Lifestyle factors such as work, family and other commitments sometimes get in the way of a regular workout or a healthy, home-cooked meal. As a result, many Australians find it difficult to tackle the task of losing weight and getting healthy. So, what sets most Australians down the path to a trimmer waistline?
Why do Australians choose to lose weight?
In a recent survey of 1,250 Aussies, we found that the chief reasons for attempting weight loss were (perhaps unsurprisingly) related to physical wellbeing. More than 70% of those surveyed stated one of their weight-loss motivators was to improve their physical fitness, while a similar percentage reported they were interested in improving their appearance (67%). The majority also stated that prevention of potential health issues and improved energy levels were key factors in attempting to drop the kilos.
Other factors included:
- Easing existing health issues (22%)
- Improving mental health and self-esteem (44%)
- Finding a positive way to socialise (9%).
Whilst the main motivation for many Australians’ weight loss seems to be improving fitness and health, there are a number of other benefits that make it worth the effort. According to Lifehacker.com.au, regularly exercising can
- help you sleep better,
- combat stress,
- energise you (even after a workout),
- improve cognitive function (i.e. make you a little smarter),
- improve your posture, and
- make you happier.
Even a small amount of weight loss will yield positive change and it’s certainly preferable to not trying at all – no matter how slow your progress is. You can even start with just 10 minutes of exercise a day and see results reasonably quickly.
How do Australians lose weight?
The methods people use in their weight loss programs vary widely according to our research. However, all our survey respondents stick to the basic principles of eating better and exercising more; 68% of men and 75% of women stated they followed a diet. Additionally, 64% of all respondents reported that an individual exercise regime, such as jogging, was one of their weight loss techniques. One in four respondents exercise at a gym, with the same proportion supplementing their diet with multivitamins. Twelve per cent also engage in social sport, while 11% take personal training sessions.
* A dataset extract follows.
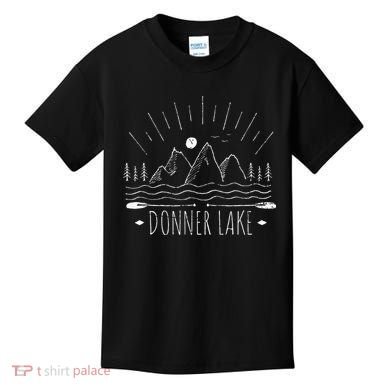 Donner Lake California Kids T-Shirt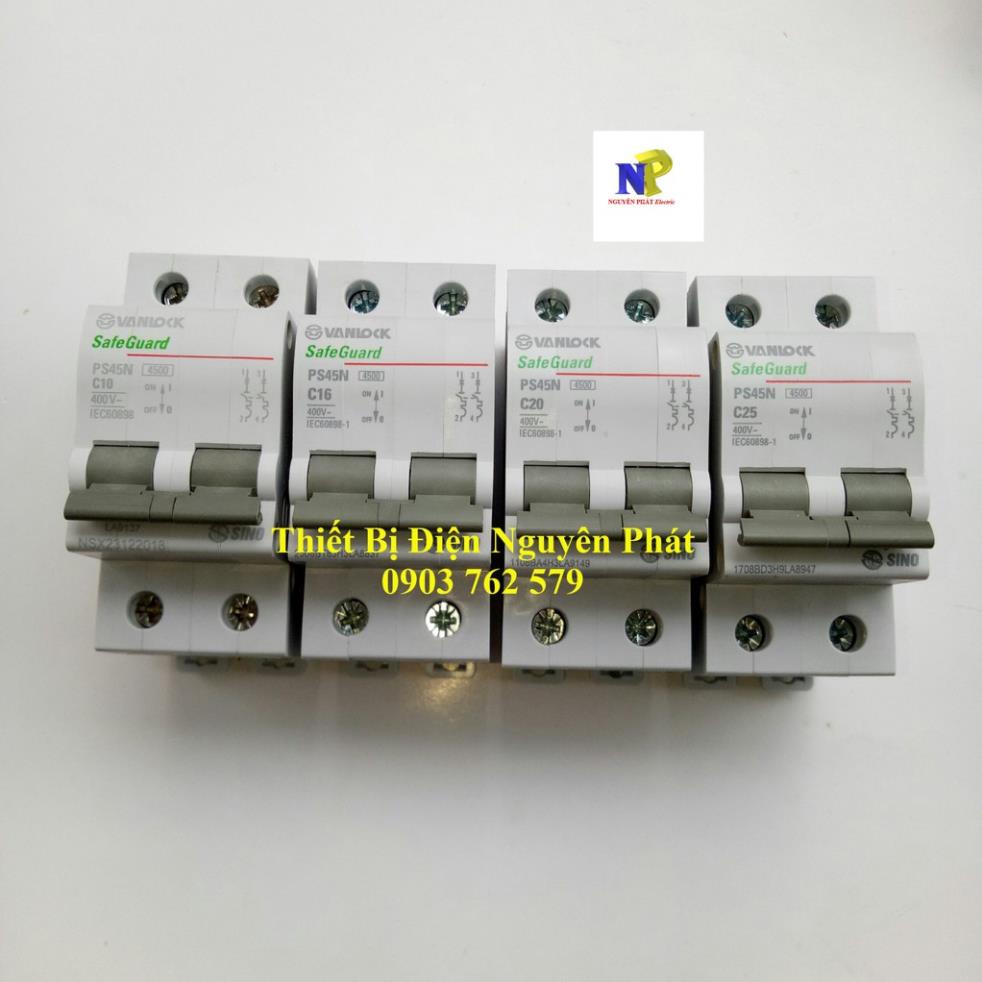 Cầu Dao Tự Động MCB 2P  4.5kA PS45N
The staples – better diet and better exercise – were consistently reported as the best ways to achieve weight loss goals, proving that, while it would be nice if there was a magic solution, the sad truth is that hard work and consistency yield the best results. To put it another way, as one Canstar Blue staffer poetically stated, “There ain’t no such thing as a free lunch”. Don’t be discouraged, though; with a bit of practice, exercise and a healthy diet can be fun as well as rewarding, rather than simply a chore.
How successful are Aussies at keeping the weight off?
An interesting and encouraging finding from the Canstar Blue survey is that weight loss regimes employed by Australians are frequently maintained for long periods. More than a quarter of the survey’s respondents reported they had permanently changed their lifestyle. Furthermore, more than 70% focus on losing weight for a month or more – a long enough period to see significant changes. Seventy-one per cent of those who follow a diet maintain it as part of a permanently healthier lifestyle, as do 65% of those who have started exercising.
The aftermath of losing weight can also be very positive. The combined proportion of respondents who reported being either “satisfied” or “very satisfied” with the result of their weight loss was 64%, and 59% reported that they were similarly satisfied with how well they maintained their weight afterwards. Good news, then. It seems the majority of Aussies who choose to lose weight get pretty serious about it – and end up achieving fantastic results.